GEDCOM Universally Unique Identifier (UUID)

Post by **tatewise** » 10 Aug 2021 10:31

This discussion continues from the Gedcom Import from RM (19701) topic discussing _UID.

I had not realized the _UID was a universal id used by several products.
The article https://www.tamurajones.net/The_UIDTag.xhtml explains its use but unfortunately, the FamilySearch PDF document https://devnet.familysearch.org/docs/ge ... ifiers.pdf no longer appears to exist, so the calculation algorithm is undocumented.

Mark1834 · Post by **Mark1834** » 10 Aug 2021 11:28

I suspect it is what RM uses to sync with Ancestry, as that appears to be completely reliable no matter how sparse the data on an individual. Shosh Kalson could probably comment further, as I remember her telling me that she has calculated _UID values by plugin, but she’s not been active on the forum for a while.

If the standard is no longer in the public domain (policy or error?), it probably would make it more difficult for FH to officially support it in the future.

Post by **tatewise** » 10 Aug 2021 11:57

I have found references to Universally Unique Identifier (UUID) such as:
https://en.wikipedia.org/wiki/Universal ... identifier
https://datatracker.ietf.org/doc/html/rfc4122
http://savage.net.au/Perl-modules/html/ ... /uuid.html
A Google search for 'GEDCOM Universally Unique Identifier (UUID)' lists others.
However, none of them seems to explain what GEDCOM Individual record details are used to create a UUID.
The last reference above actually gives examples for 1 NAME Alfred E. /Newman/ and 1 NAME Alfred Einstein /Newman/ that appears to produce two different UUID for effectively the same person, so I don't understand how it is unique.
e.g.
If there are two 1 NAME John /Smith/ records for two different people how do two different UUID get calculated?
How do independent products calculate the same UUID for those two people?

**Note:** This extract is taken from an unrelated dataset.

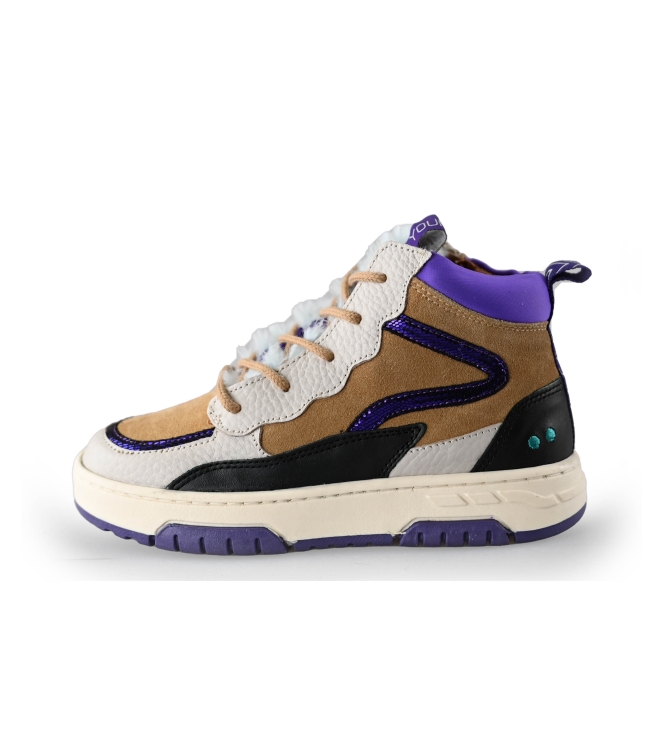 Bunnies Hoge sneakers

The references suggest the MD5 algorithm is involved but it must need more than just the NAME to produce different UUID for people with identical names.

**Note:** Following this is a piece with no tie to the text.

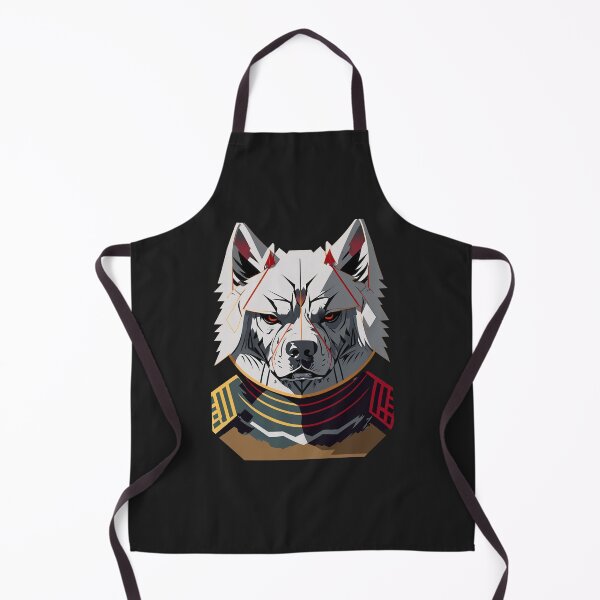 Item preview, Samurai dog designed and sold by D-dreams.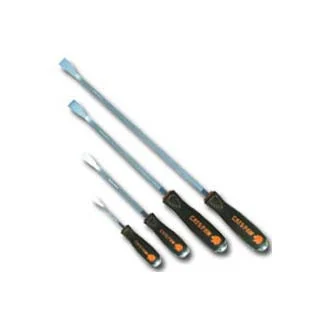 4 Piece Cats Paw and #8482, Screwdriver Style Pry Bar Set MAY66302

Mark1834 · Post by **Mark1834** » 10 Aug 2021 13:00

Re-reading Tamura’s article again, it appears to demonstrate that FH4 supported _UID generation, but it has subsequently been dropped by CP. I wonder why?

Post by **tatewise** » 10 Aug 2021 13:12

Tamura's article is misleading. It simply lists products with GEDCOM he has found that happen to contain _UID tags.
He says: "The above list was created by googling for GEDCOM files that contain the _UID tag."
FH has always 'supported' _UID tags, imported as UDF from other products, but has never computed UUID.
FH does not even allow _UID tags (or any other UDF) to be created unless you manually edit the GEDCOM file.

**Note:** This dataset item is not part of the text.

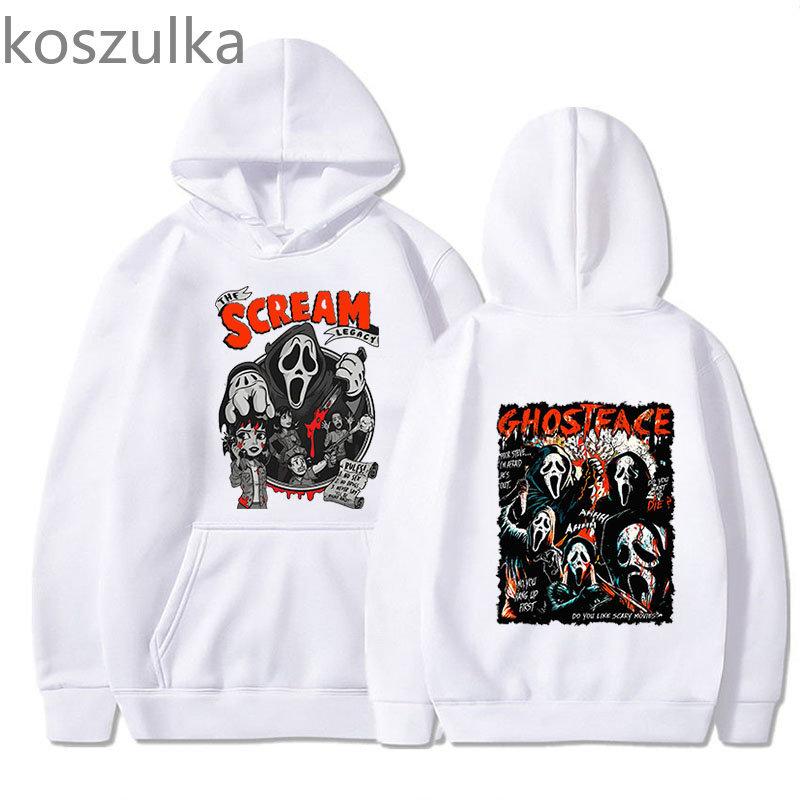Mikina s kapucí Scream VI Ghostface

Ron Melby · Post by **Ron Melby** » 10 Aug 2021 13:40

there is a difference in UID, UUID, and GUID

fundamentally a random number generator, some sifting and gluing. Unfortunately, UUID and GUID are often used interchangeably.

as they are used now, lets say I have a system for generating UUIDs (think of them as randomized hashes of some di mimimus generation maybe based off the 4th thru 8th digits of os.clock) now, lets say we are really good buddies and I give you my uuid code and we both use it in our plugins. the chances that we both get a uuid on our separate systems at exactly the same 4-8th tick of the clock, and processors and hardware at same speed, etc, that we will come up with identical uuids, are skinny to say the least. the fact that all of us in the world do it on the same code, increases the chances, but still reasonably skinny. We are working with machines, the chances of us, alone--- to come up with a uuid of *GASP* nil are not 0.0000000000000. nor are the chances of our uuid generators coming up with two uuids that are equal over time 0.0.

next to GUIDs. microsoft, or lets say linux, or IBM etc can call them GUIDs and not be far wrong, because if you are running on their machines, they are the only game in town and control the uuids. Networks, well somehow they have to use remote procedure calls, with (lets call it the originating host) running the show. so Mike says, Network, I want to play a game--- network says ok, mike you are 3, your link-layer protocol packets are 18, your ICMPs are 4, and so on. Ron says, network I want to play a game-- and I get my numbers.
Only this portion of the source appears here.